I blinked awake and stood. It would not do to fall asleep. Not now, not here, so far from the next hospice. But as I glanced up the hill, I saw the others were still there, looking as if they had nothing to do but eat and talk and rest. So I returned myself to the rocks and determined to keep myself awake by reciting prayers.
It did not work.
When I next awoke, the warmth had left the rock I was seated on, and the breeze had wormed its way into the hollow. A shiver brought my wits back to me. Stretching, I dipped my hand to my mouth to cover a yawn.
Was the group still there?
Standing, I shook out my tunic as I looked up the hill.
There was no one. Not one form was outlined against the clear, blue sky.
Fear pulled at my belly as I reassembled my things with a quaking hand. They must have gone while I had been dozing. I started out at a brisk pace to close the distance quickly. The road had not felt too terribly lonely while I had been able to hear them. But now, I confess, trepidation began to whittle at my resolve.

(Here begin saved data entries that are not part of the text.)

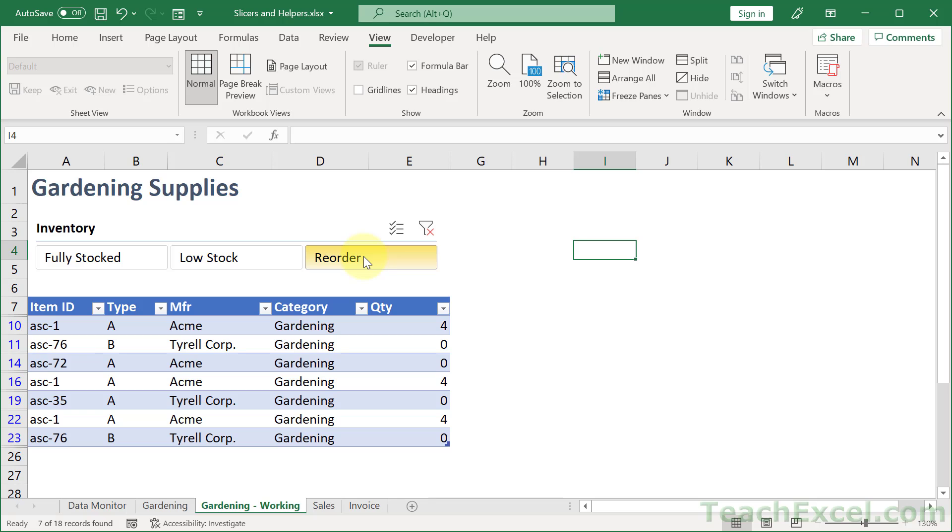And please remember that for the helper column you can make your formulas as complex as you want. The goal is simply to get text up here for your slicer that you can understand that will then help you filter through your data.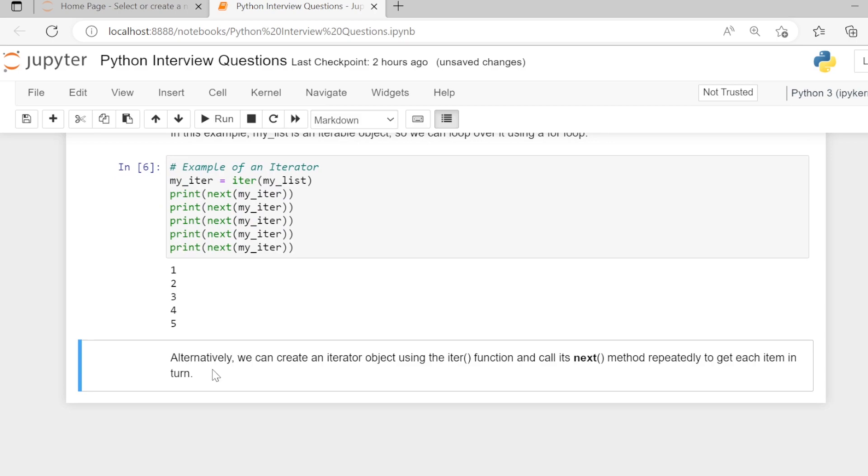Alternatively, we can create an iterator object using the iter function and call its next method repeatedly to get each item in turn.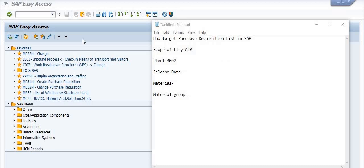Hello all, welcome to this SAP video tutorial. Today's discussion topic is how to get the purchase requisition list in SAP. You will also get the data of the purchase order with respect to the purchase requisition — meaning after the purchase requisition, you have created the purchase order, and all that data is available in this report.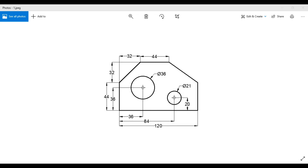Hello students. In this video we will draw the shown figure using the absolute coordinate method and direct distance entry method. The dimensions of the figure are given, including two circles with their diameters. First of all, let us find out the actual coordinates of this figure.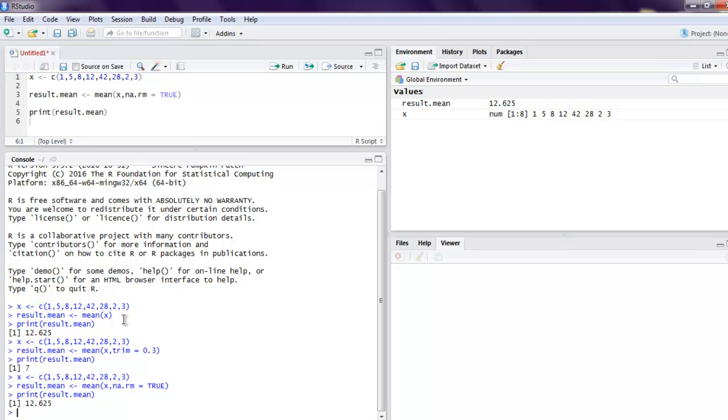Okay, so you get the idea of how to create a mean using the mean function, then apply the trim option within mean, and then apply NA values within the mean function. So this was a short video on how to create mean using the mean function in R programming.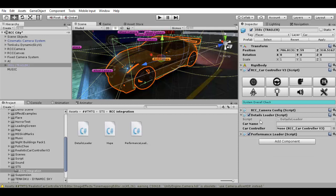Focus on Details Loader. The only thing that we need is a car controller, but automatically the script takes it. If you want to be sure, just drag and drop. Car name is really important because save games are indexed by car name. So just type the right name with uppercase, numbers and lowercase. Now Details Loader works perfectly.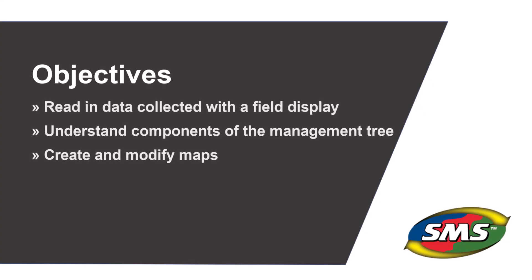You have now read in data, viewed layers of the management tree, created your first map, modified the attributes and properties you are viewing, and changed the type of map displayed.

I wavered for a long moment.
Perhaps I should return to the hospice and set out again in the morning with new companions. Or even return this way in the spring. Although I had no other place to go, no home to return to. I had no other thing to do. And besides, the group could not have gone far in the little time I had been asleep. Once I gained the hill, I was sure to see them. And if not, at least I would be able to hear them once more. And as long as I could hear them, they would be able to hear me should I need any aid.
I must accomplish what I had set out to do; I had no other choice.

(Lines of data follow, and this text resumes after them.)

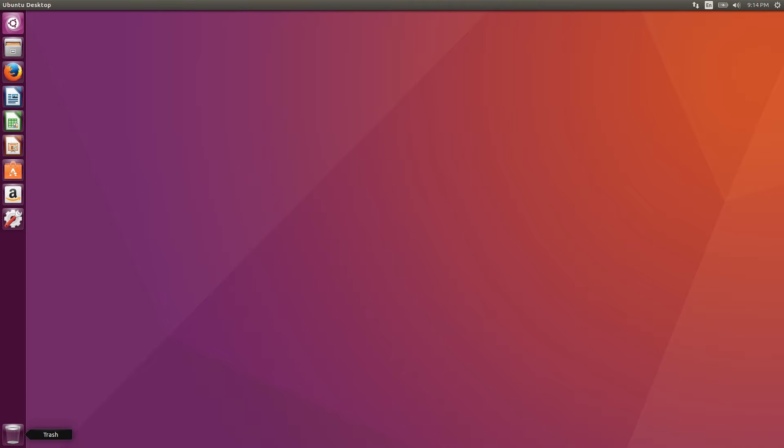Hey guys, today we're going over installing and working with OpenShot Video Editor on Linux. This is a simple video editor that's similar to Windows Movie Maker. It doesn't have too many complex editing features, but it's really easy to use.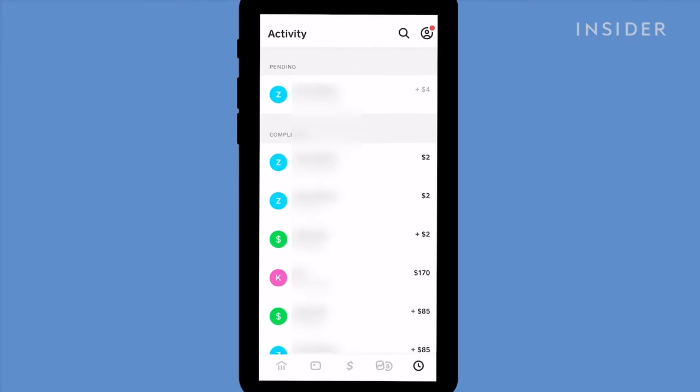You can send a request to a Cash App user to prompt them to send you what you're owed. To request a payment, go to the Cash tab by tapping the money icon at the bottom.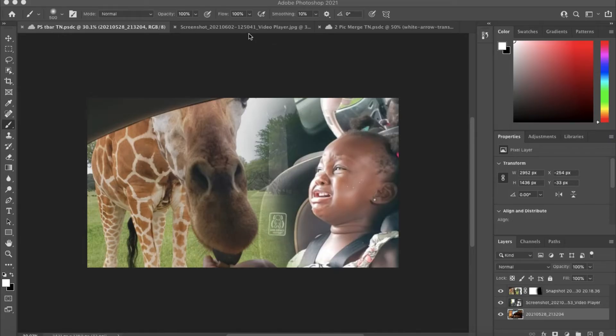This video is brought to you by my wife because she said my thumbnails look too boring, so I decided to do this and I want to show you how to do it as well. So jump into Photoshop.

After leaning into the incline to advance my steps, I finally topped the hill. As I peered down the other side, I expected to see them on the road beneath me. They were not there. But the road curved away down at the bottom and disappeared into a stand of trees. Perhaps they were just hidden from my sight. I stood a moment longer, listening for sounds of prayers or of singing, but I heard nothing save the whistle of the wind.
Descending was far easier than mounting the hill, and it provided some relief to the blisters at my heels. My steps followed each other more quickly as well. I followed the turn in the road as it dove into the stand of trees, expecting at any moment to happen upon my friends, but they were not here either.
The wind stripped a handful of orange-colored leaves from the trees' branches and tossed them in my face.
Quickening my pace left me panting. But beyond the next turn, the road lay empty, and beyond the one after that, still I saw no one. At least the road had turned toward the sun once more by then. I welcomed its warming rays, though I put up a hand to block them as I strained to see into the distance.
How long had I slept?
No matter my sloth, the sun was clearly in decline. I had to hurry if I hoped to make the next hospice before nightfall. I vowed to affix myself to the group that night no matter whether they accepted my apology or not. Intent as I was upon catching the others, I could not help but pause some time later as I came to a bend at which the world seemed to drop entirely away from my feet. Down in the valley beneath me, I could see a village nestled between the trees, the spire of a church, and the sparkling ribbon of a stream. Between myself and the village, crosses had been placed at the top of every hillock and glen.
This must be the place. The one where I was meant to leave my cross.
If I left off my journey though, for even the few minutes it would take to place my cross among them, I might never catch up with the group. But if I did not leave my cross, then how could I expect Saint Catherine to incline her ear to my prayers?